Operating Beliefs
Consider the question: Are your beliefs shaped by your experiences, or are your experiences shaped by what you believe?
If you consider those beliefs that arise as a result of your experience with the universe, e.g., because of so-and-so you believe, then you are talking about survival instincts. You are talking about your ability to adapt to the way things are. This is defensive living and a very low order of employment of consciousness.
The penalty for accepting the viewpoint that your experience with the world is the source of all your beliefs is that you become a tooth-and-claw creature, overburdened with past limitations, and surrounded by challenges to your survival: a dog-eat-dog world.
So there you are, scurrying around trying to decide which consequences are going to kill you and what you might do to survive a while longer. Then without warning, some Bodhisattva, an Avatar, walks through your life and reshapes reality by such pure acts of deliberate belief that somewhere deep inside it all, in a place behind who you thought you were, a new “I” awakens.
Things look different from this place, clearer, less threatening. The attitude changes from suffering survivor to interested explorer. You start to make connections; you see patterns.
Are your experiences affected by what you believe?
At first people are suspicious of such a question.
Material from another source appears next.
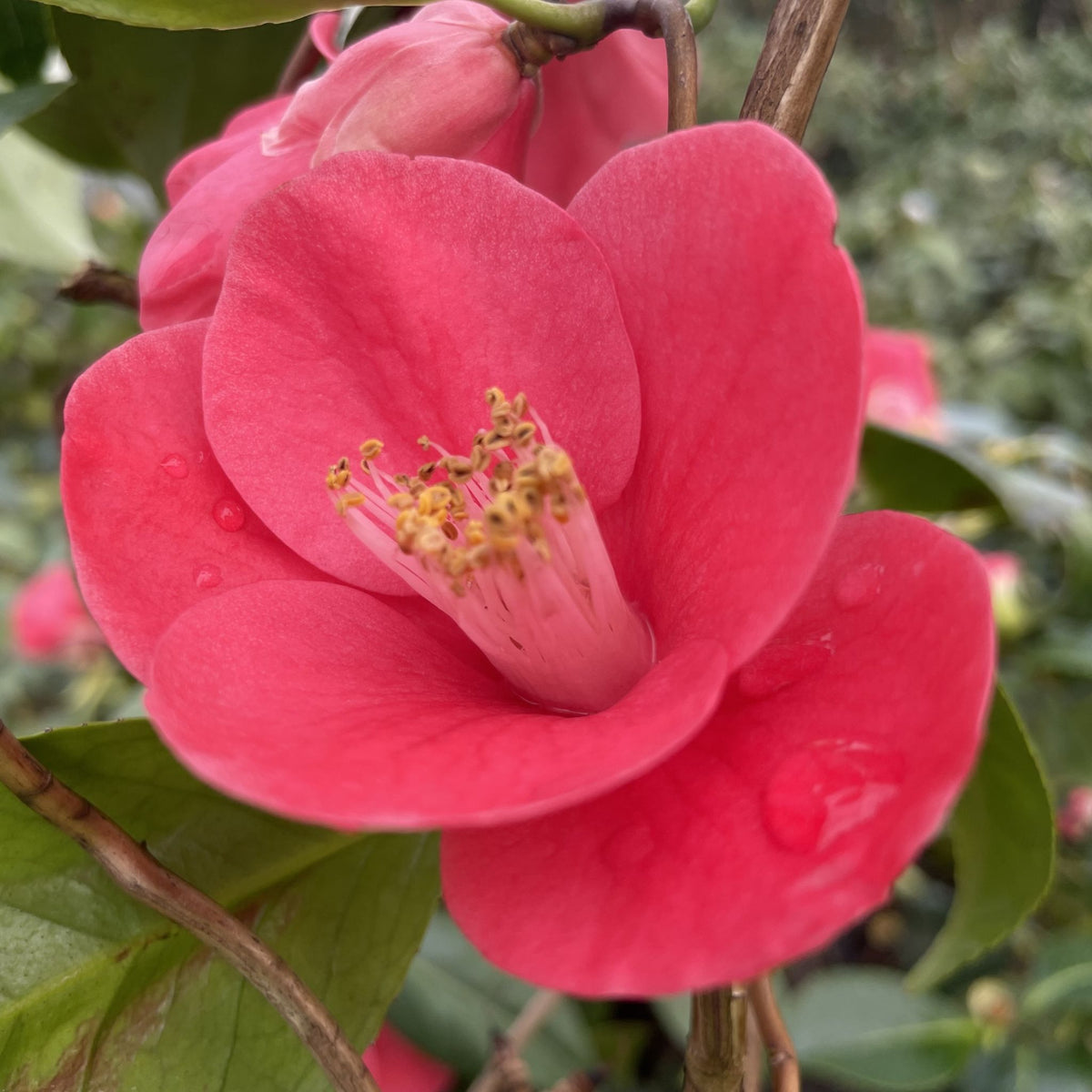 Camellia jap. 'Unryu' (red)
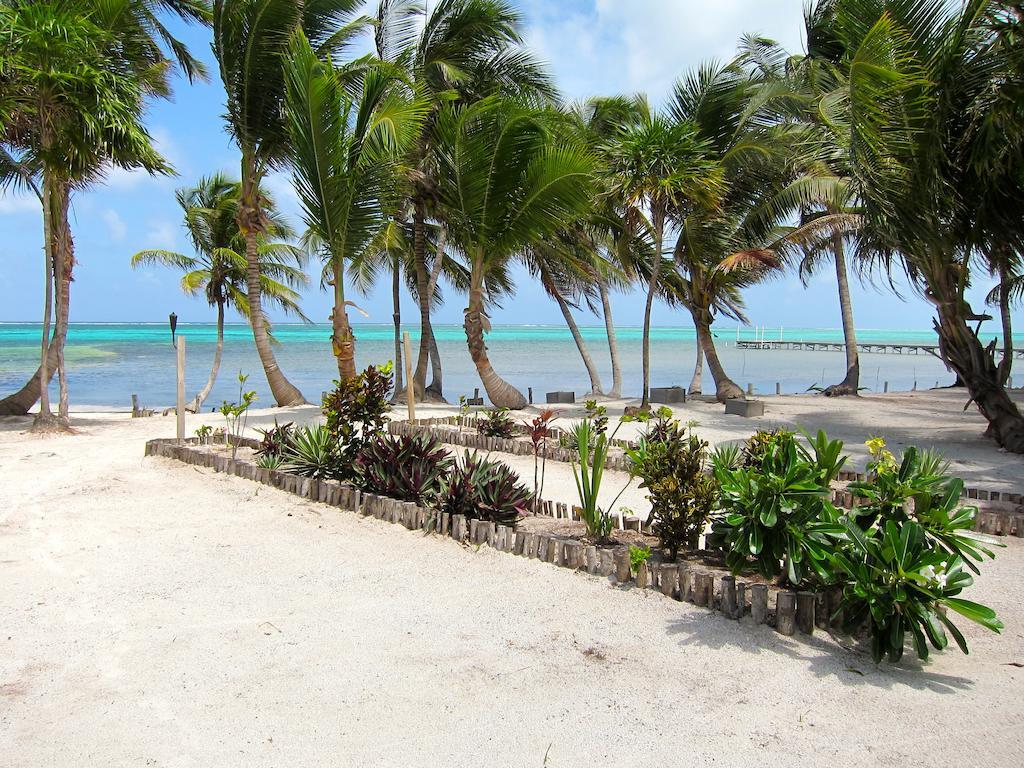 Holiday home Turtle San Pedro (Ambergris Caye)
It seems too easy. Then curiosity causes them to look a little closer.
Yes, believing certain things creates standards against which they evaluate experience. They believe in certain moral values. This is good and that is bad. And yes, sometimes moral values change, and it is possible that you might enjoy some things that you don’t enjoy now.
It does seem that how you experience the universe may have as much to do with what you believe, how you interpret, as it has to do with what is actually happening.